A simple way to improve sustainability, reproducibility and releasability of your code and data
This is a first of a number of posts based upon discussions I had while at the Collaborations Workshop 2013 (#CollabW13 on twitter) in Oxford, UK. During one of the sessions I described a simple technique that I try and use to increase the sustainability, reproducibility and releasability of code that I write, data I collect and the results of my work – and people thought this idea was great, and that I should blog about it…
So, what is this wonderful technique:
On Friday afternoon (when you’re bored and can’t be bothered to do any hard work…) spend an hour or two cleaning up and documenting your work from that week
It’s a very simple idea, but it really does work – and it also gives you something to do during the last afternoon of the week when you’re feeling tired and can’t really be bothered. If you can’t commit to doing it every week, you can try every fortnight or month – and I even go as far as adding it as an event to my calendar, to try and stop people arranging meetings with me then!
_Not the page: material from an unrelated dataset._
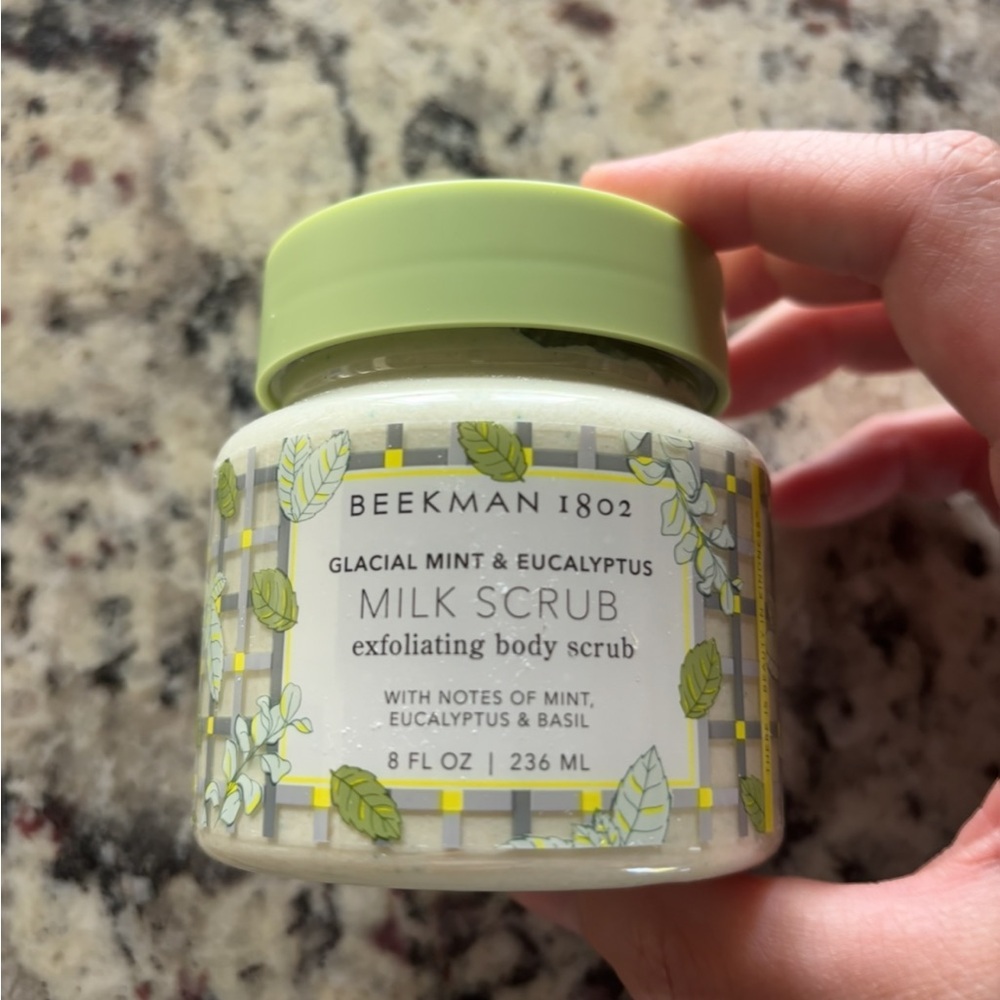 Beekman 1802 Glacial Mint & Eucalyptus Milk Scrub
So, what sort of things can you do during this time?
- Document your code: Depending on the project and the intended use of the documentation, this can be anything from adding some better comments to your code, to documenting individual functions/methods (for example, using docstrings in Python) or writing high-level documentation of the whole system.
- Refactor your code: Refactoring is a “disciplined technique for restructuring an existing body of code, altering its internal structure without changing its external behaviour” – that is, basically tidying up, cleaning up, and possibly redesigning you’re code. If you’re anything like me, the code you write when actually doing science isn’t very neat, nice or well-designed – because you’re focused on the science at that point. These few hours on a Friday are your time to focus on the code for a bit…
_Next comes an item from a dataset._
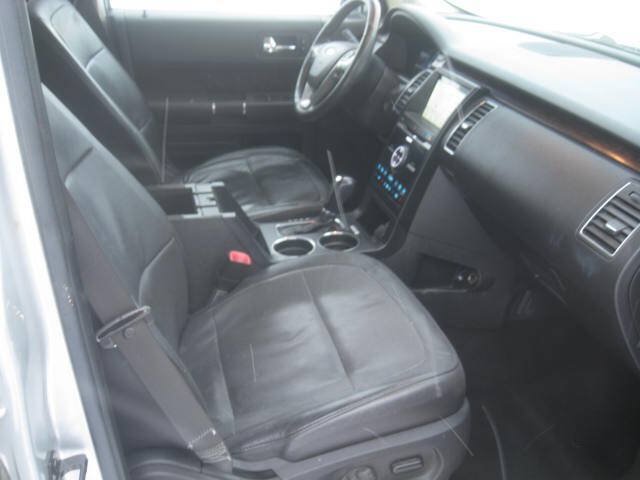 Used 2018 Ford Flex Limited AWD/4WD image 17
- Generalise your code to create a library: There are probably a number of things in your code that could be used in many other programs – things like reading certain file formats, performing statistical operations or applying algorithms to array data. This is a perfect time to take these algorithms and ‘decouple’ them from their immediate application in this code so that they can be easily used in other programs you may write in the future. Ideally, this generalised functionality can be packaged into a library and distributed for others to use. My Py6S library was created in this way: I took code that I was using to run the 6S model, generalised it into a library, documented it well, released it – and it has taken on a life of its own!
- Add README files to your folders: If you’re anything like me, you’ll have loads of folders containing data and code – some of which isn’t particularly well named and may not have metadata. One of the easiest (and most effective) ways to deal with this is to create simple README files in each folder explaining what is in the folder, where it came from, what format it’s in – basically anything that you think you’ll want to know about it in a year’s time if you come back to it. I can say from experience just how useful having these README files is!
The key benefit of all of these is that it makes it so much easier to come back to your research later on, and it also makes it so much easier for you to share your research, make it reproducible and allow others to build upon it – and the great thing is that it doesn’t even take that much work. Thirty seconds writing a few notes in a README file could easily save you a week of work in a year’s time, and extending your code into a library would allow you to re-use it in other projects without much extra work.
Another similar idea that was mentioned by someone else at the Collaborations Workshop was for Research Councils to force people to add extra time to the end of their grants to do this sort of thing – although personally, I think it is a far better idea to do this as you go along. Trying to add documentation to some code that you wrote two years ago is often quite challenging…
So, there it is – a simple way to use up some time at the end of the week (when you can’t really be bothered to do anything ‘new’) which will significantly improve the sustainability, reproducibility and releasability of your code and data. Try it out, and let us know how you do in the comments below!